How do you think Jesus would feel if one misspelled His name as “Jeesus” or “Jezus”? Perhaps it wouldn’t bother Him but I would find that disrespectful. Occasionally, people misspell my first name as “Tod”, even though that name is almost always spelled “Todd.”

All of us make mistakes. Still, we should be teachable and thankful when someone points out (in love) where we missed it. I welcome correction as I don’t want any of my messages to mislead people or have typos that make me appear less intelligent. One time I posted a YouTube video mistakenly titled “The Sermon of the Saugages.” A pastor who appeared in that video pointed out my spelling error.
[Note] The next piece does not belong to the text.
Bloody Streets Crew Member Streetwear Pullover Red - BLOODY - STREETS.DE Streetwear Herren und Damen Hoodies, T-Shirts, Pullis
I uploaded that video again with the corrected spelling of “sausages.” 

Some spelling mistakes may be harmless and funny but others can create confusion. In extreme cases, they can cost millions in missed sales and job opportunities plus have the potential to ruin relationships due to misunderstandings. 

I once read a story about a man who left the snow-filled streets of Chicago for a vacation in Florida. His wife was on a business trip and planned to meet him there the next day. When he reached his hotel, he decided to send his wife a quick e-mail. Unable to find the scrap of paper on which he had written her e-mail address, he did his best to type it in from memory. Unfortunately, he missed one letter, and his note was directed instead to an elderly preacher's wife, whose husband had passed away the day before. When the grieving widow checked her e-mail, she let out a piercing scream and fell to the floor in a dead faint. Her family rushed into the room and saw this note on the screen: “Dearest Wife, Just got checked in. Everything prepared for your arrival tomorrow. P. S. Sure is hot down here!”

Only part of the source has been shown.